Pale goat orchid
- Conservation status: Vulnerable (EPBC Act)

Scientific classification
- Kingdom: Plantae
- Clade: Tracheophytes
- Clade: Angiosperms
- Clade: Monocots
- Order: Asparagales
- Family: Orchidaceae
- Subfamily: Orchidoideae
- Tribe: Diurideae
- Genus: Diuris
- Species: D. ochroma
- Binomial name: Diuris ochroma D.L.Jones

= Diuris ochroma =

- Genus: Diuris
- Species: ochroma
- Authority: D.L.Jones
- Conservation status: VU

Species of orchid

Diuris ochroma, commonly known as pale goat orchid, or pale golden moths is a species of orchid that is endemic to south-eastern continental Australia. It has three or four leaves at its base and up to four slightly drooping pale yellow flowers with dark reddish purple streaks. It is an uncommon species found in two disjunct populations, in higher parts of each of New South Wales and Victoria.

==Description==
Diuris ochroma is a tuberous, perennial herb with between three and four linear leaves 180-300 mm long and 3-5 mm wide. Up to four slightly drooping pale yellow flowers with dark reddish purple streaks and about 25 mm wide are borne on a flowering stem 250-400 mm tall. The dorsal sepal projects forward and is egg-shaped, 10-13 mm long and 7-9 mm wide. The lateral sepals are lance-shaped with the narrower end towards the base, 14-19 mm long, 1.5-3.5 mm wide, lean downwards and are more or less parallel to each other. The petals are egg-shaped, 7-9 mm long, 4-5 mm wide and spread apart from each other on a green to purplish stalk 6-8.5 mm long. The labellum is 13-16 mm long and has three lobes. The centre lobe is oblong, 8.5-11 mm wide with a raised ridge in its midline. The side lobes are oblong, about 3 mm long, 1.5 mm wide with dark reddish purple streaks. There are between two and four more or less parallel callus ridges in the lower part of the mid-line of the labellum. Flowering occurs in November and December.

==Taxonomy and naming==
Diuris ochroma was first formally described in 1994 by David Jones from a specimen collected near the Wonnangatta River and the description was published in Muelleria. Jones stated that the specific epithet ochroma was derived from the Greek ochroma, and means "pale" or "wan", referring to the pale yellow flowers of this species. In ancient Greek, ochroma (ὤχρωμα) is a noun meaning "pallor".

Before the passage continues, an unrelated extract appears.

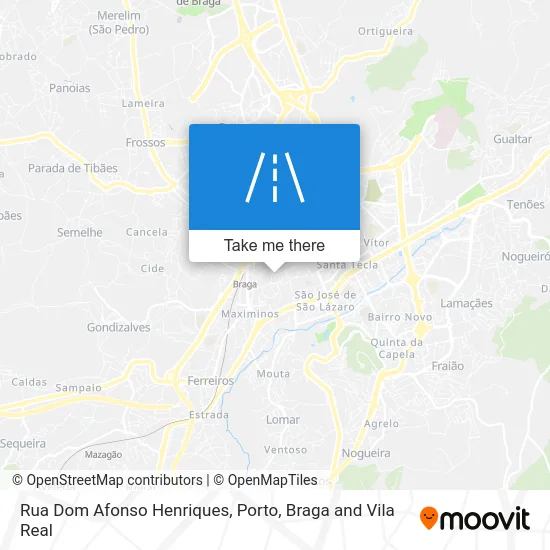 Rua Dom Afonso Henriques map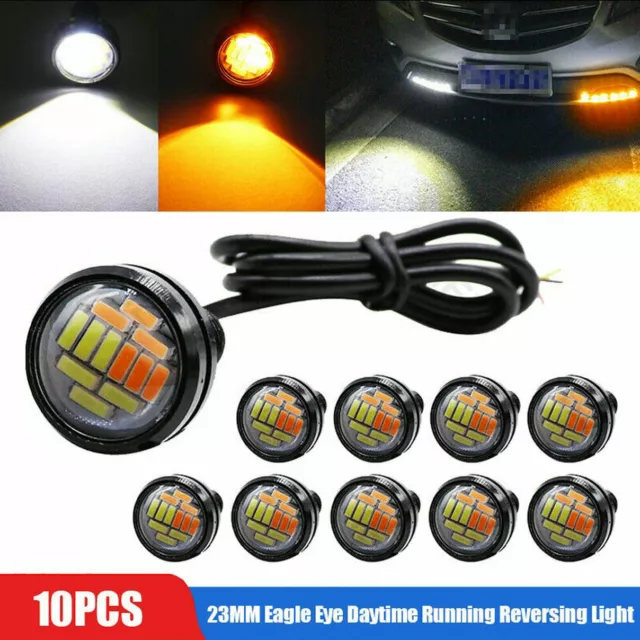 10x 23MM Eagle Eye DRL Daytime Running Reversing LED Light Car Tail Lamps 12V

==Distribution and habitat==
The pale goat orchid occurs in two disjunct areas, one in New South Wales and one in Victoria. The New South Wales population, estimated in 2008 to include about 130 plants, occurs on the Monaro Tableland. Two Victorian populations, estimated to contain a total of about eight thousand plants in 2010, are found in the Alpine National Park and on a roadside near Abbeyard.

==Conservation==
Diuris ochroma is classed as "vulnerable" under the Australian Government Environment Protection and Biodiversity Conservation Act 1999, as "endangered" in New South Wales under the Biodiversity Conservation Act 2016 and as "threatened" in Victoria under the Flora and Fauna Guarantee Act 1988. The main threats to the species are weed invasion, grazing by native, feral and stock animals, habitat loss and disturbance and inappropriate fire regimes.